On the other side, Demos believes in a capitalism with “a human face” resembling that of post-WWII Keynesian social democracy. However, the kind of reforms that this would entail are simply not attainable in the context of a deep systemic crisis of capitalism that leaves very little room for concessions, even less so in the case of a weak state such as Romania, subordinated to foreign capital and to the European institutional framework. The leadership of Demos fails to see that and instead endorses the kind of naïve Europeanism that resembles that of the British Liberal Democrats.

Hence, a realistic left alternative is, in fact, a radical, socialist alternative that skillfully poses the question of replacing a system based on profit with one based on needs – even more necessary now with the environmental catastrophe looming ever more dangerously. But the kind of socialism that Mana de Lucru (CWI sympathisers in Romania) fights for is qualitatively different from the degenerated, bureaucratic system that existed before 1989. An economy aiming to fulfill the needs of all people and communities cannot work unless you ask people and communities what their needs are! Democracy is, therefore, indispensable to socialism, which otherwise is destined to be yet again captured and distorted by a new privileged caste. 

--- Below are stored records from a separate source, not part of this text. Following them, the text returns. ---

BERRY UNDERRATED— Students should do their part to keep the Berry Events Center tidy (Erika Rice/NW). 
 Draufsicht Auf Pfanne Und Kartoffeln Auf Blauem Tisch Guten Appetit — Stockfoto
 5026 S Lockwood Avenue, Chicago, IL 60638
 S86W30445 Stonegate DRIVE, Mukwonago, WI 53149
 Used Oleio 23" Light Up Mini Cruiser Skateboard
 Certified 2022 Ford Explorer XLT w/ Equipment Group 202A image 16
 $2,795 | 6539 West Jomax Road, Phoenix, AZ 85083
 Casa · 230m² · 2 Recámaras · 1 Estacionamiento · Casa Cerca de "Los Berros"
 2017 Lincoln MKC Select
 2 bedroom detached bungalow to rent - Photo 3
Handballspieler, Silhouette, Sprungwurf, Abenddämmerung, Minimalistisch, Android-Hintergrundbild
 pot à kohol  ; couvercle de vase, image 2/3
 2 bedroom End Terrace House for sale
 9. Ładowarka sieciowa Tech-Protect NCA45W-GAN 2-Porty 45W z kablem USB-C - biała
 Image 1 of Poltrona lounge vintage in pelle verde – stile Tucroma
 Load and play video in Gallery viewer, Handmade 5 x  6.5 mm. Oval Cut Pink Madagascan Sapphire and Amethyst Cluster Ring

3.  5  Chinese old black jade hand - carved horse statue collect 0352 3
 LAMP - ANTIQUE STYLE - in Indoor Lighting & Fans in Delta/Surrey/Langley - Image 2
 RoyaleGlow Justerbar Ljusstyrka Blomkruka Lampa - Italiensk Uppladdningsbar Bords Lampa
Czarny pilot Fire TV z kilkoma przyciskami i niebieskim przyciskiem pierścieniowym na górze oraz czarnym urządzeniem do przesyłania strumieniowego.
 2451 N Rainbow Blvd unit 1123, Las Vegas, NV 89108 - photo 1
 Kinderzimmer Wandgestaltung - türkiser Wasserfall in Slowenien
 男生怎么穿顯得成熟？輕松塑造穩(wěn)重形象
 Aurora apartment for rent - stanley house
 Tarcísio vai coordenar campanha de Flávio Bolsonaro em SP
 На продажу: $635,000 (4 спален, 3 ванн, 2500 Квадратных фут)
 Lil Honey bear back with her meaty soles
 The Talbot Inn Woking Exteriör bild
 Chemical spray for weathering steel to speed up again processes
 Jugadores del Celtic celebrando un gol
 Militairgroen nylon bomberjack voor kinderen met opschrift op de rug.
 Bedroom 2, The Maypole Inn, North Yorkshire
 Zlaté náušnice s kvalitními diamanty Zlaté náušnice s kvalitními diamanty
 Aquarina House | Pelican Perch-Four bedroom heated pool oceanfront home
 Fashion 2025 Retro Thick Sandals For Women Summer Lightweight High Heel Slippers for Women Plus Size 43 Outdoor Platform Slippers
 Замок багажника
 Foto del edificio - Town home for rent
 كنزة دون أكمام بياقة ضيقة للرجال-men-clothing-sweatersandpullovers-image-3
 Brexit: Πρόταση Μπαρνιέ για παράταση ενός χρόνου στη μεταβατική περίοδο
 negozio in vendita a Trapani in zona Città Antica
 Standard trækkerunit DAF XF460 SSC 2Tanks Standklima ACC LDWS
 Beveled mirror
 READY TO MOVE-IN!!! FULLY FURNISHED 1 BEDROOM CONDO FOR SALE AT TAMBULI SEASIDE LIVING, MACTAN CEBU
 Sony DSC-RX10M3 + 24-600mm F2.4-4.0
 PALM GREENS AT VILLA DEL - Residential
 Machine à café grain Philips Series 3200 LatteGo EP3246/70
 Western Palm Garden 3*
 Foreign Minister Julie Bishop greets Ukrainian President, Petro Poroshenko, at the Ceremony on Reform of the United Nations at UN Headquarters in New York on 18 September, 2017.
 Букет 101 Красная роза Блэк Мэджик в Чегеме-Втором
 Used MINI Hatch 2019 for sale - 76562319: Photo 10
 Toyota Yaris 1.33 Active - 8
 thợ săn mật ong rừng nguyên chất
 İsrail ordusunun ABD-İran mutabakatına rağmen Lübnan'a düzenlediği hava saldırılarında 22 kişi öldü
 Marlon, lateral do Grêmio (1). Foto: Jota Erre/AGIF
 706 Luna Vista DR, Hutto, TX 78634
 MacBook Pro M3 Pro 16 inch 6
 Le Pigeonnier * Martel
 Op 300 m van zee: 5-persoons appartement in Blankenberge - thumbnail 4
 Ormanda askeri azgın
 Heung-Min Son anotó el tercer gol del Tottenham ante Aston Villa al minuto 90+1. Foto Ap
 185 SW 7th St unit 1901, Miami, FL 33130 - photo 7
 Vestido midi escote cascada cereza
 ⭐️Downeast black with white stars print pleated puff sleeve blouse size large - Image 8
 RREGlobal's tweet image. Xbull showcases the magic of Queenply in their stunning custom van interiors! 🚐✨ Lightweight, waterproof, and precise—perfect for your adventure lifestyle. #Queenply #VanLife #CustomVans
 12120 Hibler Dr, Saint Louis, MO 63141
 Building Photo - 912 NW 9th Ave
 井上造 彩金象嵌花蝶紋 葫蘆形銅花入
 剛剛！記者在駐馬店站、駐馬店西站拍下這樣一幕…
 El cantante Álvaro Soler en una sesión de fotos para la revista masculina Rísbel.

At the same time, socialists cannot afford to be sectarian. Mana de Lucru is open towards principled cooperation with other genuine left forces that aim to orient themselves towards the mass of workers and youth. Thus, we call on the other left groups and the trade unions to build a structured form of discussion and collaboration that would allow us to attract new layers of workers and youth coming into struggle. This could provide the basis for the creation of a new mass workers party that would represent the interests of our class, that would fight in the workplaces, on the streets and in the institutions for better wages, dignified jobs, quality public services, affordable housing for all and, in general, for an economy under democratic control that serves the people and the environment, and not the other way round. 

There is more potential for establishing a political alternative in Romania than at any time in the last 30 years of capitalism. In 2019, we witnessed the most significant wave of strikes in decades. Industrial disputes such as that at Astra in Arad, where Romanian and Indian workers joined forces to ask for better wages for all, or the one at Electroaparataj in Targoviste, which lasted for over 3 months, show what huge potential there is. The Romanian working class’ appetite for struggle has increased visibly, and the political left together with the trade union movement need to channel it towards building the only genuine alternative to the status quo – a fighting, mass working class party that can propose a democratic and socialist alternative.